**Records for the task**
※ ※ ※

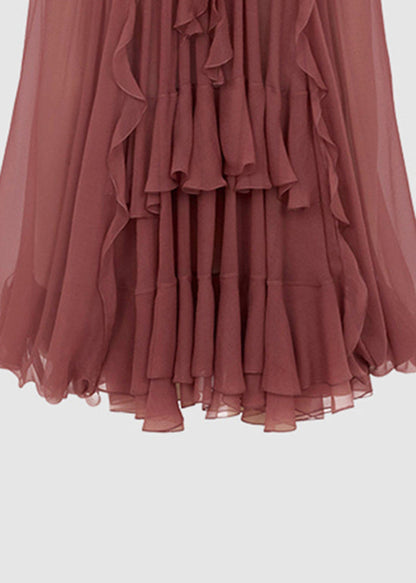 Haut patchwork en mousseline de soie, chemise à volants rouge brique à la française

※ ※ ※

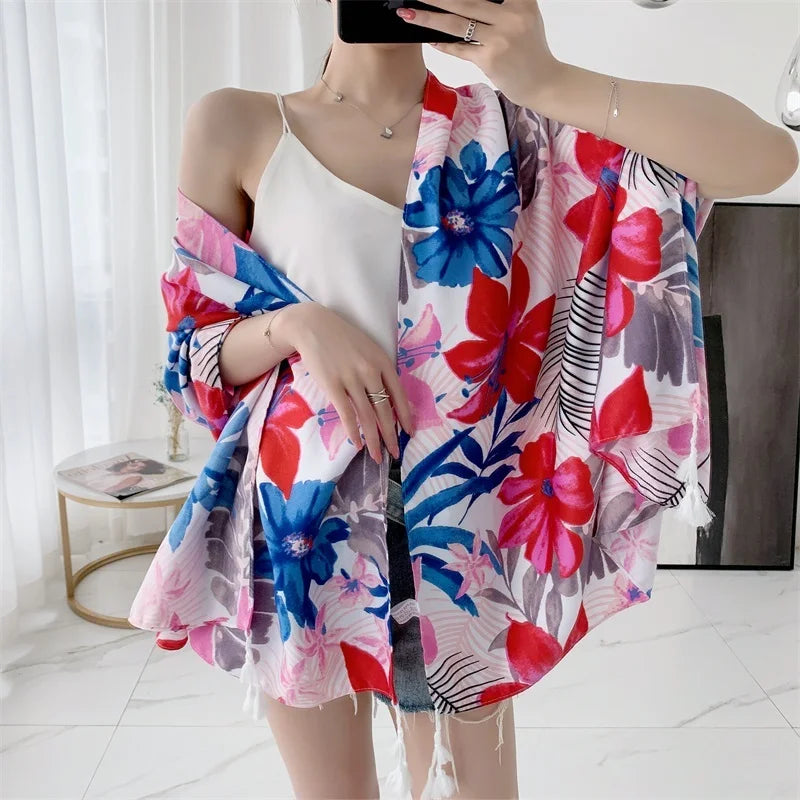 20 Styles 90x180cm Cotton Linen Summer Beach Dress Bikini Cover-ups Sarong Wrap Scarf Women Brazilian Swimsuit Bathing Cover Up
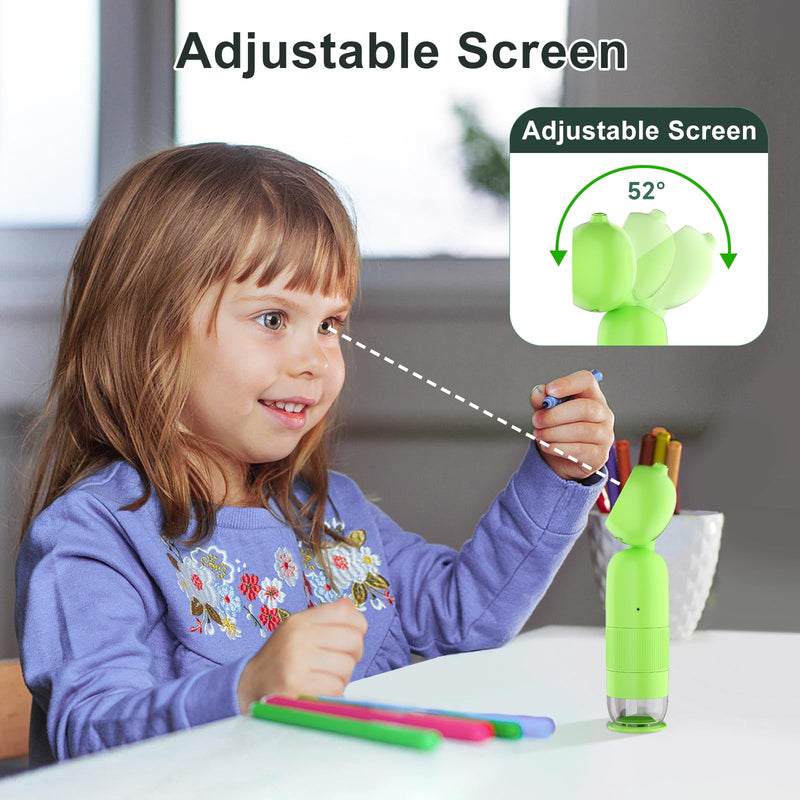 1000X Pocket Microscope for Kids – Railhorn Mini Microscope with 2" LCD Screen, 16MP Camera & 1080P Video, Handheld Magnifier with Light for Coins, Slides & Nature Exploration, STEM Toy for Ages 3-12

※ ※ ※

Write back the stretch of lines above that begins with the line holding "20 Styles 90x180cm" and ends with the line holding "1000X Pocket Microscope", both included, exactly as written. Pictures stay out.

 20 Styles 90x180cm Cotton Linen Summer Beach Dress Bikini Cover-ups Sarong Wrap Scarf Women Brazilian Swimsuit Bathing Cover Up
 1000X Pocket Microscope for Kids – Railhorn Mini Microscope with 2" LCD Screen, 16MP Camera & 1080P Video, Handheld Magnifier with Light for Coins, Slides & Nature Exploration, STEM Toy for Ages 3-12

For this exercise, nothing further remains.